Date of issuance: October 31, 2011.
Effective date: As of the date of issuance and shall be implemented
by the completion of the Cycle 26 refueling outage for Unit 3 and Cycle
27 refueling outage for Unit 4.
Amendment Nos.: Unit 3--246 and Unit 4--242.
Renewed Facility Operating License Nos. DPR-31 and DPR-41:
Amendments revised the TSs.
Date of initial notice in Federal Register: October 5, 2010 (75 FR
61527). The supplements dated February 22, May 20, September 14, and
September 22, 2011, provided additional information that clarified the
application, did not expand the scope of the application as originally
noticed, and did not change the staff's original proposed no
significant hazards consideration determination as published in the
Federal Register.
The Commission's related evaluation of the amendments is contained
in a Safety Evaluation dated October 31, 2011.

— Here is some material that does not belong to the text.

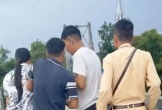 CSGT kịp thời giải cứu người phụ nữ định nhảy cầu tự vẫn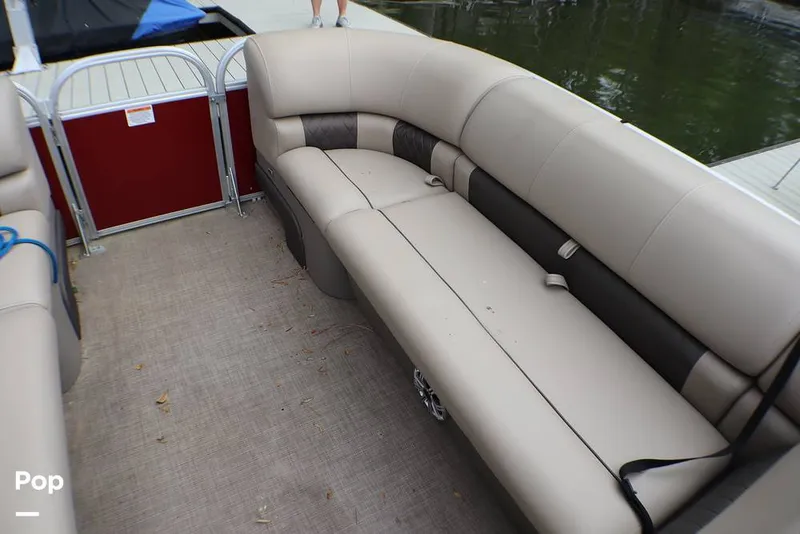 Slide: The Image of Sun Tracker Party Barge 20 DLX 2023 - 16319747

No significant hazards consideration comments received: No.
[[Page 70777]]
Nebraska Public Power District, Docket No. 50-298, Cooper Nuclear
Station, Nemaha County, Nebraska
Date of amendment request: October 29, 2010, as supplemented by
letters dated June 10 and August 31, 2011.

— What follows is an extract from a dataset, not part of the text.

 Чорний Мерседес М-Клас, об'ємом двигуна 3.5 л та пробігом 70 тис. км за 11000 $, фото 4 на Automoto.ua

Brief description of amendment: The amendment revised the
acceptance criteria in CNS Technical Specification (TS) 3.8.4, ``DC
[Direct Current] Sources--Operating,'' Surveillance Requirement (SR)
3.8.4.1, and TS 3.8.6, ``Battery Cell Parameters,'' Table 3.8.6-1,
``Battery Cell Parameter Requirements.'' Specifically, amendment
revised the acceptance criteria in TS SR 3.8.4.1 and TS Table 3.8.6-1
by revising the battery terminal voltage on float charge and specific
gravity acceptance criteria to ensure that the safety-related batteries
can perform their safety functions and will remain operable during
postulated design basis events.
Date of issuance: October 28, 2011.
Effective date: As of the date of issuance and shall be implemented
within 60 days of issuance.
Amendment No.: 239.
Renewed Facility Operating License No. DPR-46: Amendment revised
the Facility Operating License and Technical Specifications.